At that meeting, I learned that seating arrangements are crucial – as important to proper communication as the seating chart at a state dinner. You need a plan to help facilitate inclusive discussions and give yourself a chance to lead – especially if you’re the “Only” in a room.
Here are three simple steps anyone can use to create the right energy and conversational flow to lead more productive meetings.
- Choose the right chairThe best chair to facilitate good communication will depend on the kind of table used in the meeting. It might sound silly, but anyone who’s sat at a large, round table knows how awkward talking across one can be. If you find yourself at a round table and need to develop a relationship with a particular person, sit directly beside that person. With a rectangular table, seating needs to be planned. In Western culture, we tend to equate authority with the head of the table. However, if you’ve ever seen photos of a president meeting with the cabinet, you’ll notice he sits in the middle of a long, rectangular table – not on the end. Being in the middle ensures he can be seen and heard by all. Supporting team members can be seated on the periphery. A small, square table makes things easy because everyone can make eye contact and be heard, and one seat isn’t much better than another. Both round and square tables tend to feel more democratic by eliminating any conscious or unconscious power bias in the seating.

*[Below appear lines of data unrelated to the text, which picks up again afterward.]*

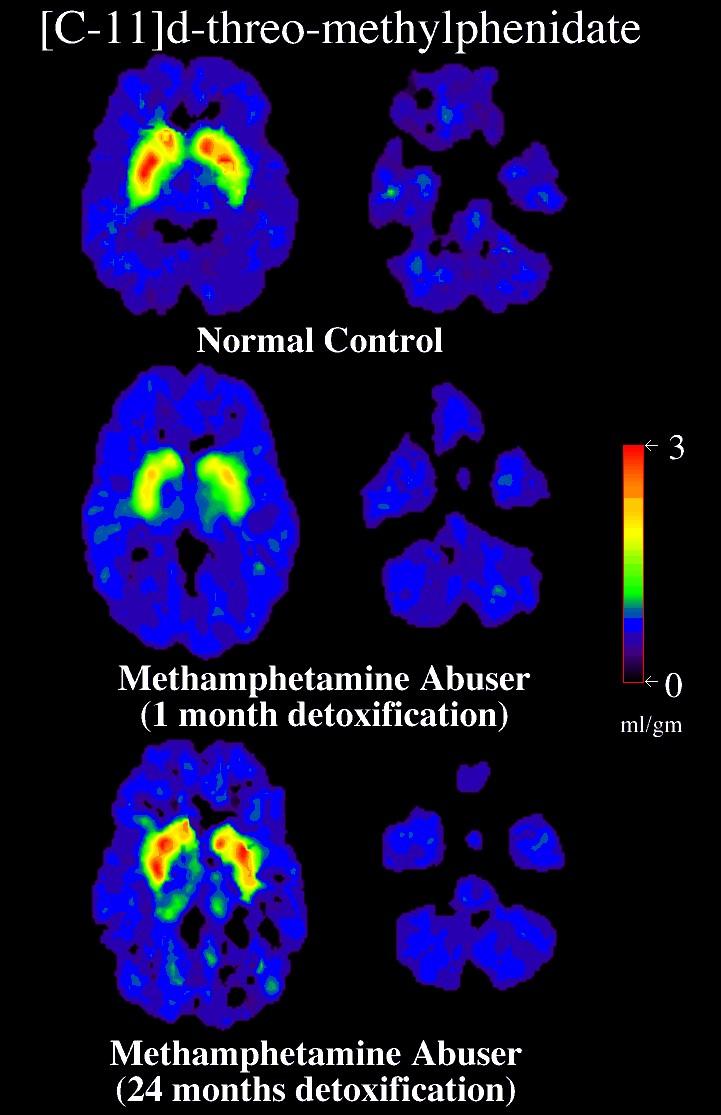 [C-11]d-threo-methylphenidate 14 months + to recover from Methamphetamine!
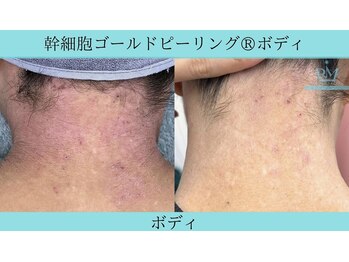 リメイク 広尾(REMAKE)/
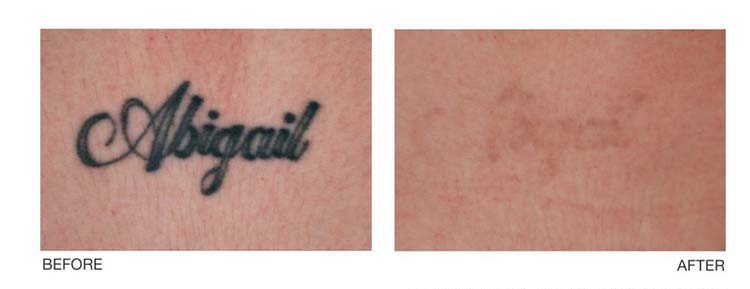 หลังลบรอยสักด้วยเลเซอร์ เป็นแผลเป็นไหม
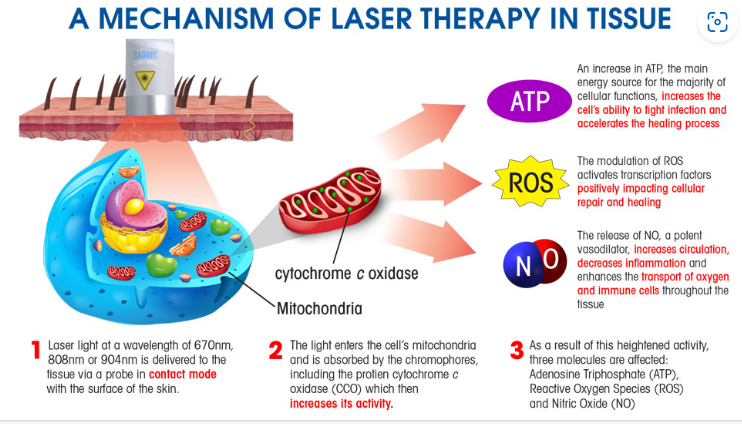 The Benefits of Cold Laser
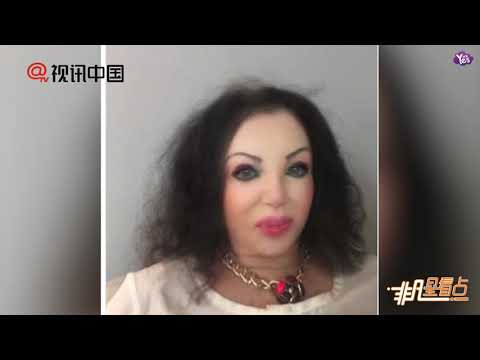 【近期】史泰龍媽媽為小30歲老公整容！近照流出似假人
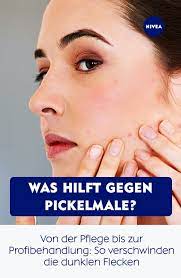 Wie kann man pickelmale entfernen? Der Pickel Ist Verheilt Doch Zuruck Bleibt Ein Kleiner Fleck Wie Ihr Pickelmale Erkennt Und Was Dagegen Hilft Erfahrt Ihr Hier Niv Pickel Haut Hautpflege
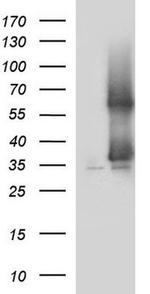 SCAMP2 Antibody in Western Blot (WB)
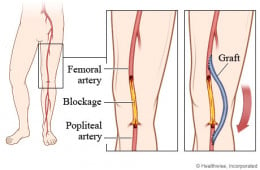 Understand Surgery: Femoral Popliteal Bypass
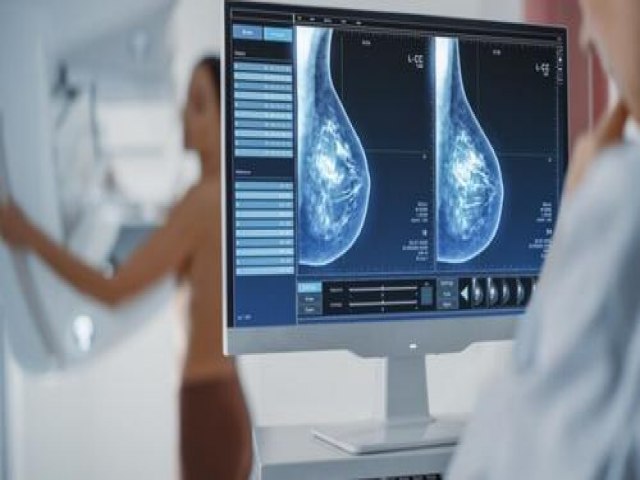 Caminhões da Mamografia percorrerão 20 municípios até dia 31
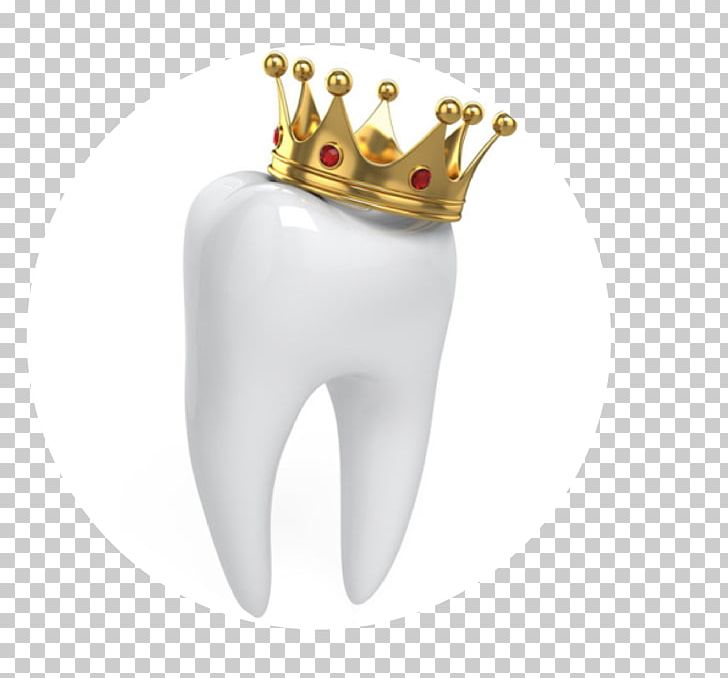Crown Dentistry Human Tooth PNG, Clipart, Antler, Body Jewelry, Bridge, Cadcam Dentistry, Cosmetic Dentistry Free PNG Download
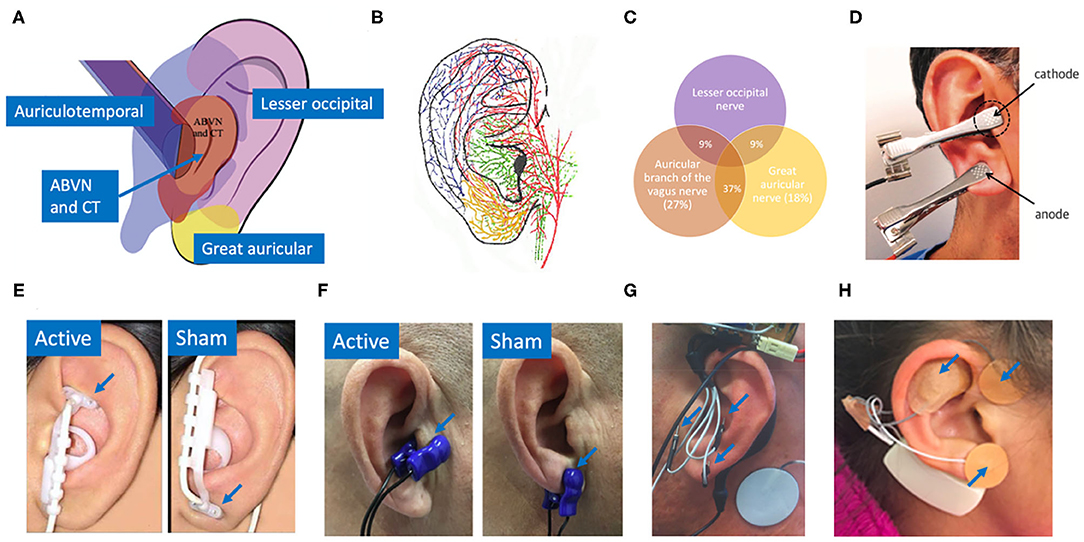 Transcutaneous auricular vagus nerve stimulation as a potential novel  treatment for polycystic ovary syndrome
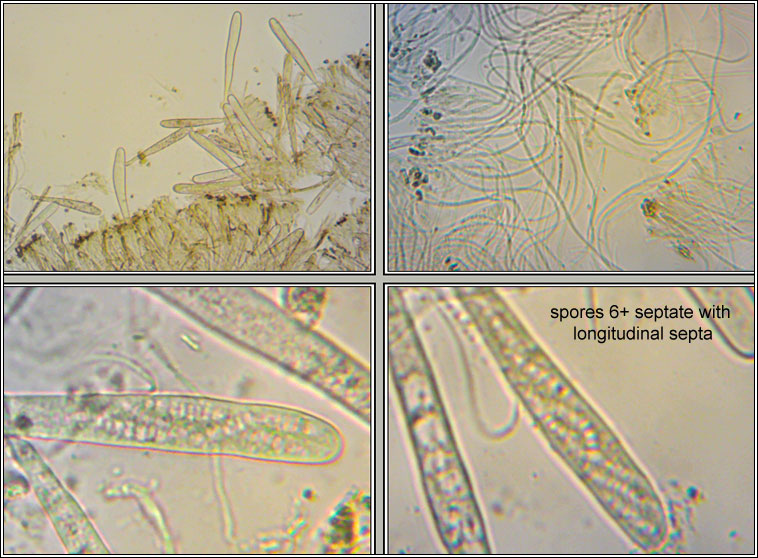 Claussenomyces atrovirens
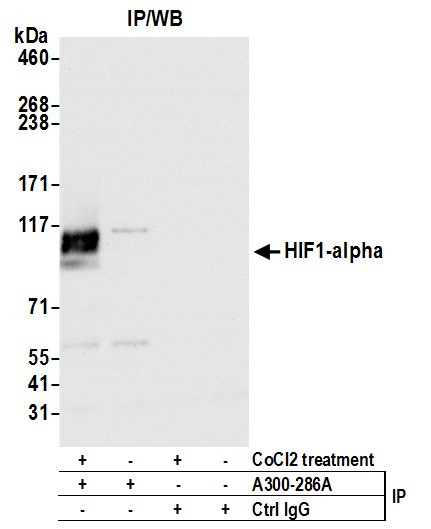 HIF1-alpha Antibody in Immunoprecipitation (IP)
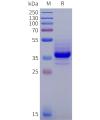 sp-pme102024 il11ra sp1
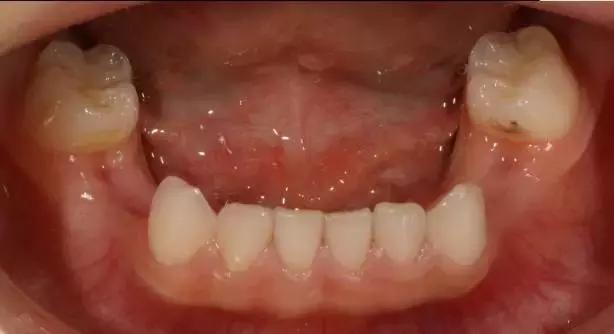 12岁前应该处理的20种儿童牙颌畸形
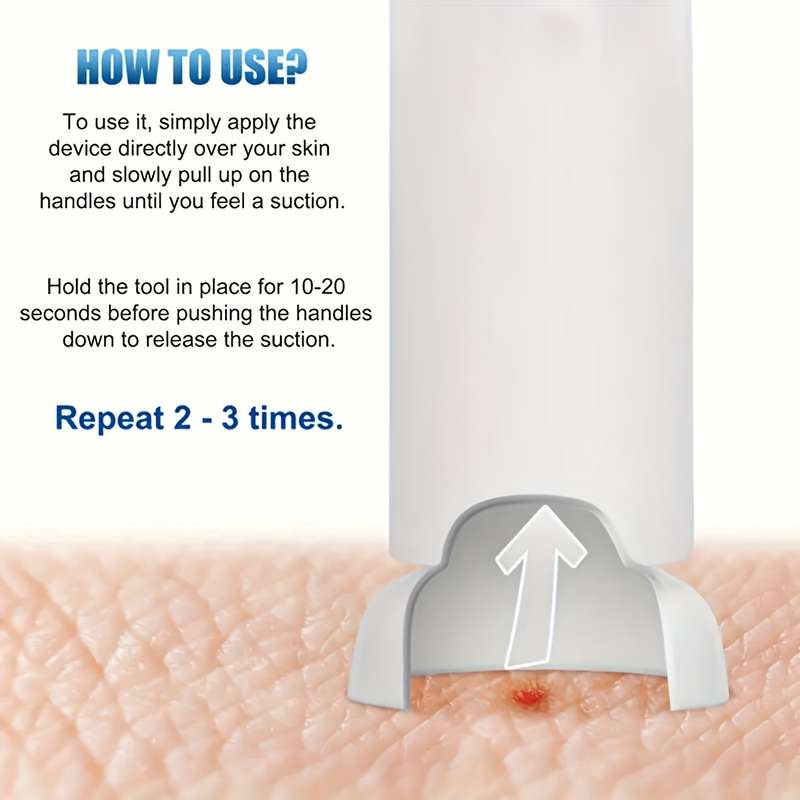 Bug Bite Removal Tool, Portable Venom Extractor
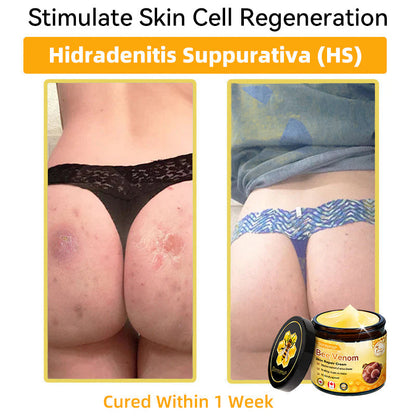 𝐃𝐨𝐫𝐦𝐨𝐫𝐧𝐚®💧Bee Venom Repair Cream (Anti-aging, deep hydration, skin repair, even skin tone, acne and dark spot treatment, removal of warts and moles, and psoriasis relief)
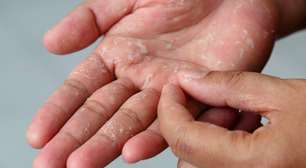 Psoríase: o que é mito e o que é verdade após diagnóstico da filha de Pocah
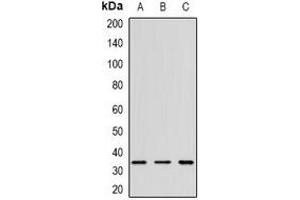 Western blot analysis of CD152 expression in K562 (A), mouse spleen (B), rat thymus (C) whole cell lysates. (CTLA4 抗体)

- Create a seating planFor important meetings, ask about the room layout ahead of time. Discuss the best seating arrangements with the key players. Use a quick email to suggest seating that optimizes communication objectives over hierarchy or tradition. Because you won’t always know what kind of room you’re walking into, make contingency plans with your teammates that considers different table configurations. Ask your colleagues to help implement the plan by standing behind their pre-arranged seats. This way, even if it’s rude to sit before your guests or hosts, it will be easy for your team to take their predetermined chairs.
- If you see something, say somethingA meeting is a micro-culture. Establish a team norm that empowers every member to alert the group to subtle communication issues or biases. What Scott did can be considered a best practice. He helped create a better meeting dynamic by suggesting a change – even though it meant interrupting the discussion for a moment. He was inclusive and proactive. Next time, instead of waiting to be recognized, I would speak up for myself or others. If you find yourself in a similar situation, consider saying something like: “Pardon me, I know our time is limited today, and I want to ensure we get the most value from it. My suggestion is that we change seats to make it easier for our primary speakers to communicate.”
As I learned first-hand, the chair you pick can matter a great deal. It can be especially challenging for women and other minorities to speak up at a meeting. Although your power doesn’t come from a chair, choosing the right one will help ensure that your voice is heard. I also learned that leading starts before the meeting. With a little forethought and effort, we all have the chance to create a space in which everyone can be heard.